Article d'Isabelle, pour Techno-Science.net

L'une des clés pour bien vieillir du point de vue émotionnel est de ne pas faire cas de regrets pour des occasions ratées indique une nouvelle étude. Lorsqu'on est jeune, un regret peut aider à prendre de meilleures décisions par la suite. Les possibilités de nouvelles opportunités se réduisant avec l'âge, y penser perd probablement son intérêt. 

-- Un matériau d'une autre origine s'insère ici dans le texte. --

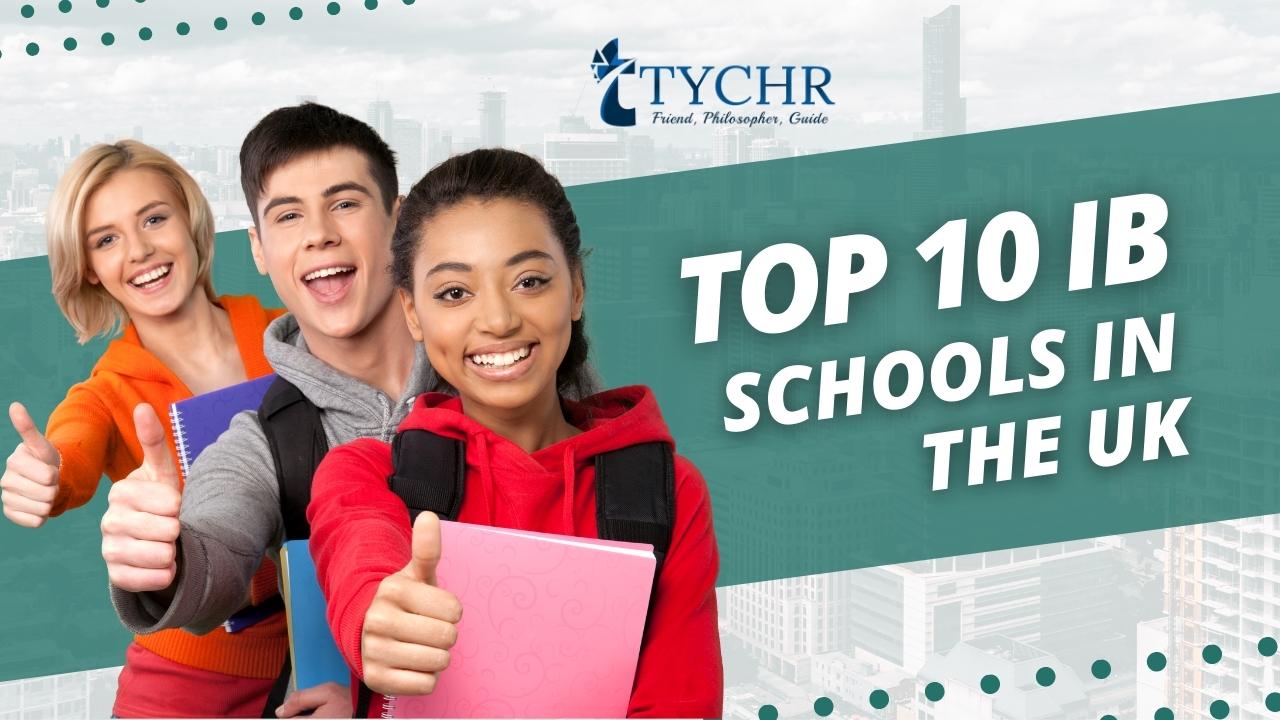 Top 10 IB Schools in the UK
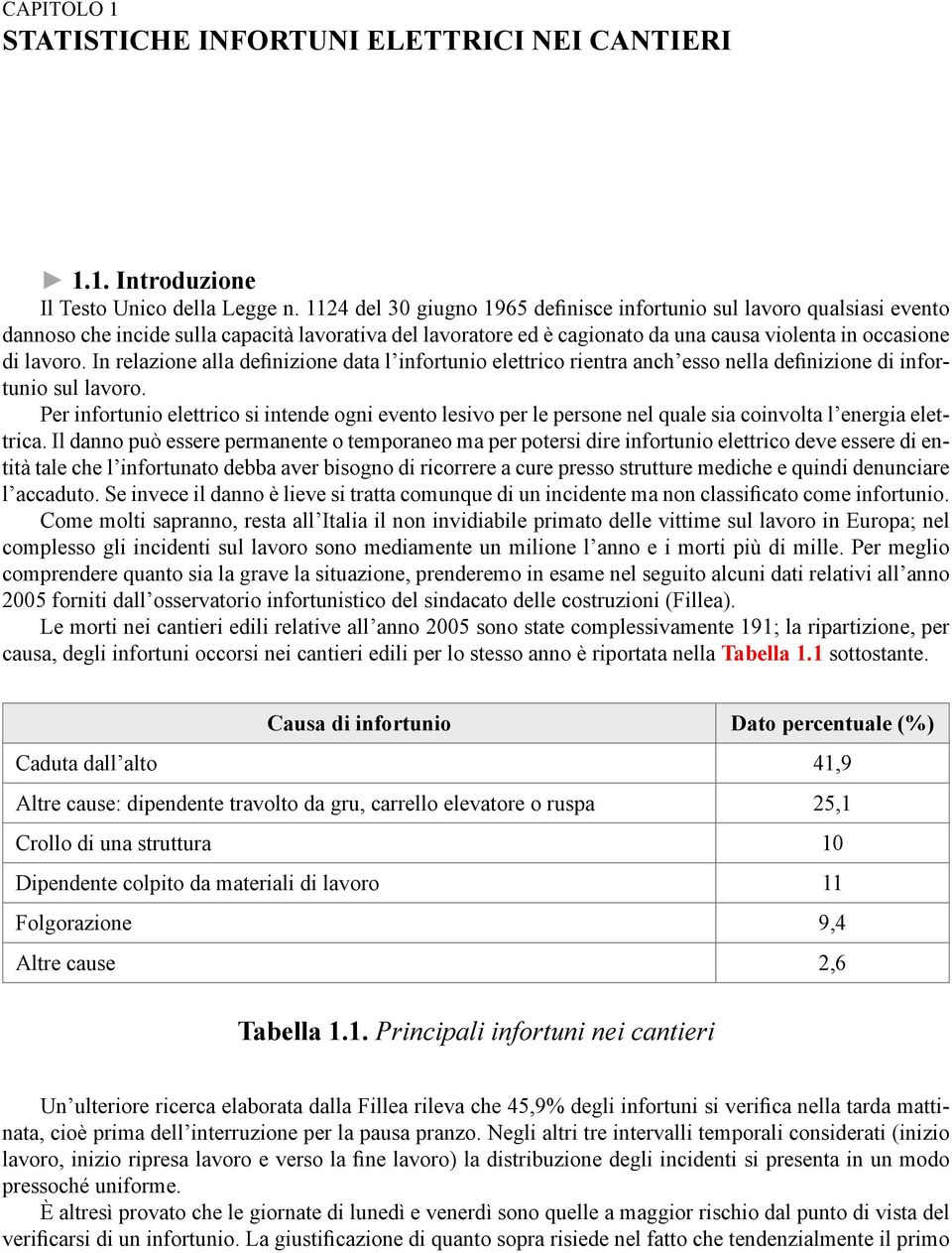 In relazione alla definizione data l infortunio elettrico rientra anch esso nella definizione di infortunio sul lavoro.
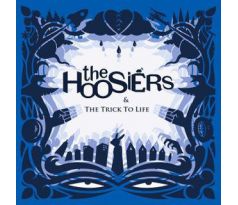 Hoosiers - Trick To Life (CD) audio CD album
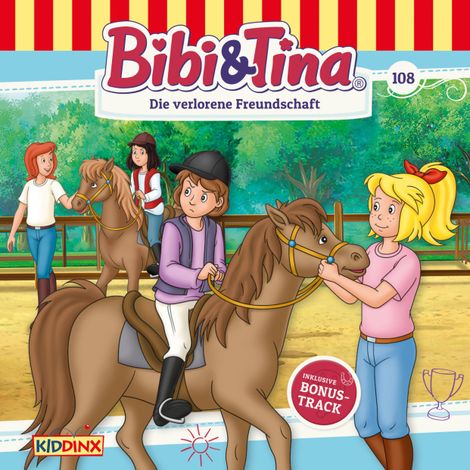 Hörbüch “Bibi & Tina, Folge 108: Die verlorene Freundschaft – Markus Dittrich”
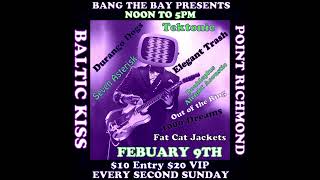 Bang The Bay Presents Featuring Out of the Ring Live at The Baltic Kiss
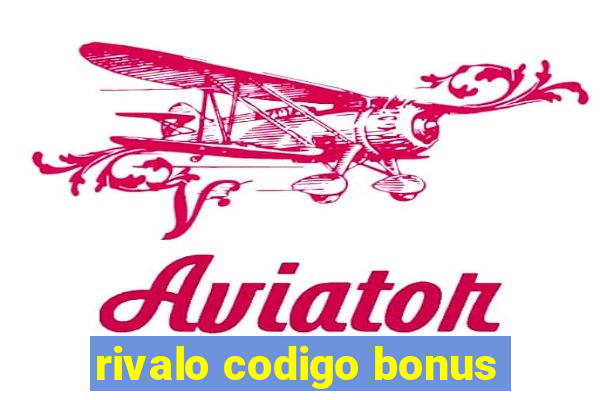 rivalo codigo bonus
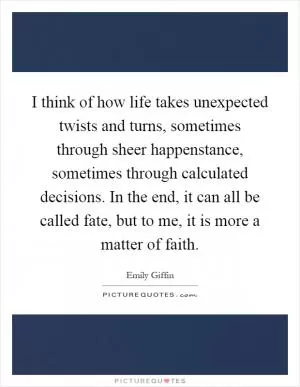 I think of how life takes unexpected twists and turns, sometimes through sheer happenstance, sometimes through calculated decisions. In the end, it can all be called fate, but to me, it is more a matter of faith Picture Quote #1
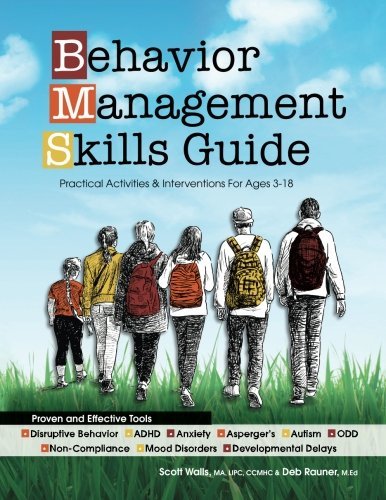 Scott Walls Behavior Management Skills Guide Practical Activities & Interventions For Ages 3 1 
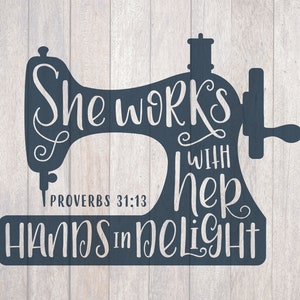 Hand Lettered, Sewing Machine, She Works with her hands in delight, Proverbs 31:13, Cricut, Silhouette, SVG, PNG, Digital Cut File, Craft image 4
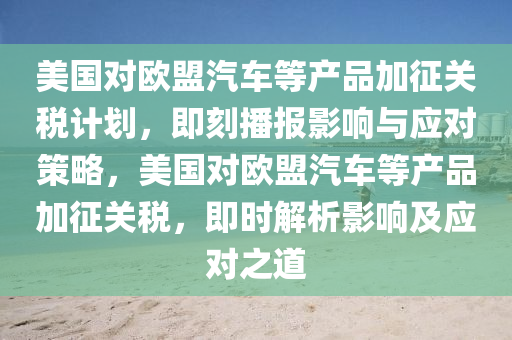 美國(guó)對(duì)歐盟汽車等產(chǎn)品加征關(guān)稅計(jì)劃，即刻播報(bào)影響與應(yīng)對(duì)策略，美國(guó)對(duì)歐盟汽車等產(chǎn)品加征關(guān)稅，即時(shí)解析影響及應(yīng)對(duì)之道液壓動(dòng)力機(jī)械,元件制造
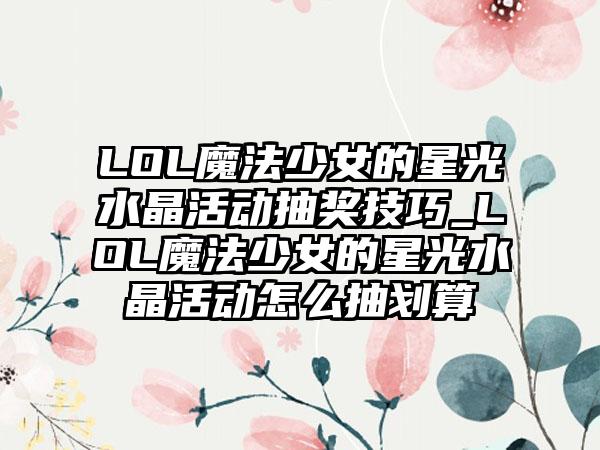 LOL魔法少女的星光水晶活动抽奖技巧_LOL魔法少女的星光水晶活动怎么抽划算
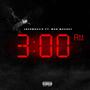 3:00 AM (feat. M.O.B Mousey) [Explicit]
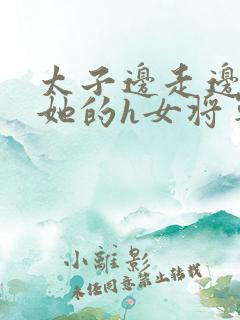 太子边走边挺进她的h女将军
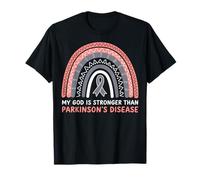 My God Is Stronger Than Parkinsons Disease T-Shirt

Pour trouver une base physiologique à cela, Stefanie Brassen et ses collègues en Allemagne ont utilisé l'imagerie par résonance magnétique fonctionnelle, ou IRMf, pour comparer l'activité cérébrale de trois catégories de personnes, de jeunes adultes et des adultes plus âgés déprimés ou en bonne santé. En jouant à un jeu sur l'ordinateur, les volontaires ouvraient des séries de boîtes contenant soit de l'argent soit le dessin d'un diablotin qui causait la fin de l'exercice et entraînait la perte de tout l'argent gagné jusqu'à ce moment-là. Après avoir ouvert la boîte, les joueurs pouvaient décider de continuer ou de s'arrêter avec leurs gains. A la fin de l'expérience, toutes les boîtes étaient ouvertes, révélant aux joueurs jusqu'où ils auraient pu continuer sans perdre.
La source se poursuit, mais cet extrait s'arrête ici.